====== DATASET CONTENT ======
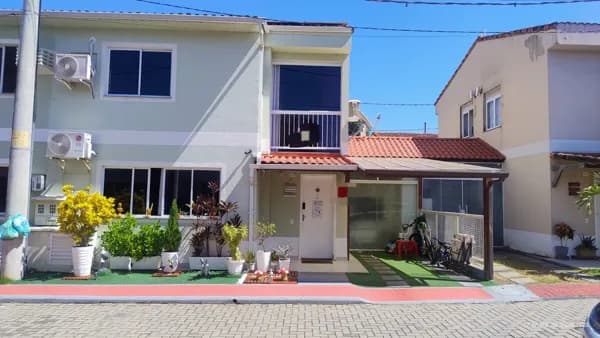 Sobrado em Rio de Janeiro - Guaratiba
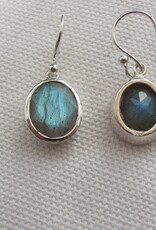 Earring silver with Labradorite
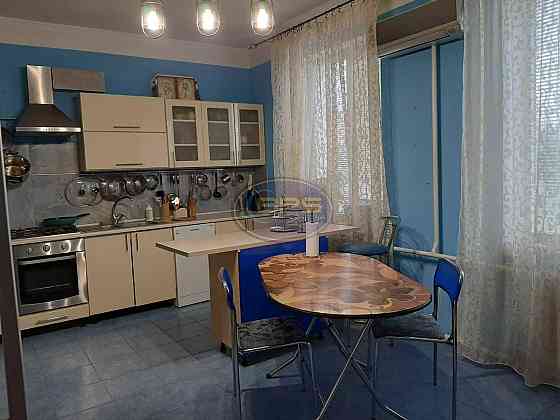 Продаж 3 поверхового будинку з ділянкою на 0.1 соток, 300 кв. м, 8 кімнат, Овідіополь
======
* TASK TO CARRY OUT
Set down nothing but the lines from the one containing "Earring silver with Labradorite" to the final line above, both included, with every picture left out.

* YOUR RESPONSE
 Earring silver with Labradorite
 Продаж 3 поверхового будинку з ділянкою на 0.1 соток, 300 кв. м, 8 кімнат, Овідіополь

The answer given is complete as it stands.